I'm the only developer supporting a website that's a mix of classic asp and .NET. I had to add some .net pages to a classic asp application. This application requires users to login. The login page, written in classic asp, creates a cookie that .net pages use to identify the logged in user and stores information in session vars for the other classic asp pages to use. In classic asp the cookie code is as follows:

response.cookies("foo")("value1") = value1
response.cookies("foo")("value2") = value2
response.cookies("foo").Expires = DateAdd("N", 15, Now())
response.cookies("foo").Path = "/"

In the .NET codebehind Page_Load code, I check for the cookie using the code below.

if(!IsPostBack) {
if(Request.Cookies["foo"] != null) { ... } else { //redirect to cookie creation page, cookiefoo.asp } }

The vast majority of the time this works with no problems. However, we have some users that get redirected to a cookie creation page because the Page_Load code can't find the cookie. No matter how many times the user is redirected to the cookie creation page, the referring page still can find the cookie, foo. The problem is happening in IE7 and I've tried modifying the privacy and cookie settings in the browser but can't seem to recreate the problem the user is having.

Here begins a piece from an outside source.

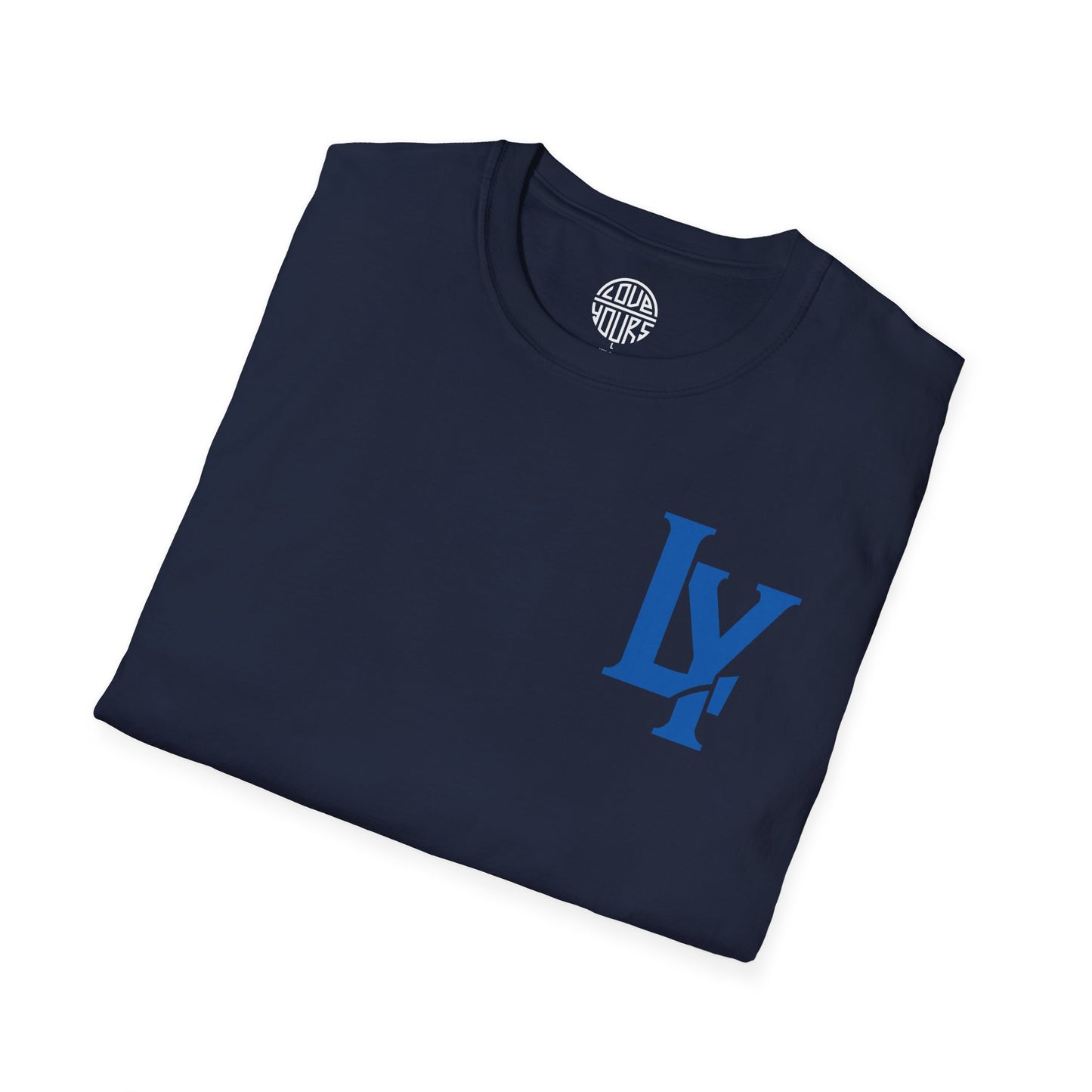 Minimalist Unisex Softstyle T-Shirt with Bold Blue Lettering, Casual Wear, Gift for Her, Everyday Apparel, Stylish Statement Tee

Does anyone have any ideas why this could be happening with IE7?

Thanks.

+2  A: 

Using Fiddler is a good way to try to figure out what's going on. You can see the exact Set-Cookie that the browser is getting.

Lou Franco
A: 

General rule of cross-platform cookie testing: dump all the cookies to screen so you can see your data. It might not explain exactly why it's happening, but it should tell you what is happening.

Oli
A: 

Okay second answer: If it's a really small subset of users, you might want to see what software they have installed on their computer. There might be a common anti-spyware/adware application on all their machines that is messing with your cookies.

If you can't get answers from those users on that, or there's nothing suspect it might be worth creating a special little test script to write a cookie and post the result back to you on the next page-load.

You want to keep it as simple as possible (no user interaction after loading the link) so make it:

  1. Set the cookie in classic ASP
  2. Redirect to another ASP page.
  3. Read the cookies and email it to you.
  4. Redirect to a ASPNET page.
  5. Read the cookie and email it.

You might want to set a cookie in ASPNET too and try reading it back out.

Oli
Oli, remember you can edit an existing answer.
AnthonyWJones
A: 

The code you posted should break if the IE7 privacy settings is set to block first party cookies. Did you try that in your experiments?

Using Fiddler as Lou said it a good idea although the Set-Cookie response header is less interesting than subsequent Cookie request headers to see whether the client is fowarding them to the server.

AnthonyWJones
A: 

I recall this happening in a similar application I had written; some pages were classic ASP, while others ASP.NET. The cookies were seemingly disappearing between the .NET and classic ASP pages.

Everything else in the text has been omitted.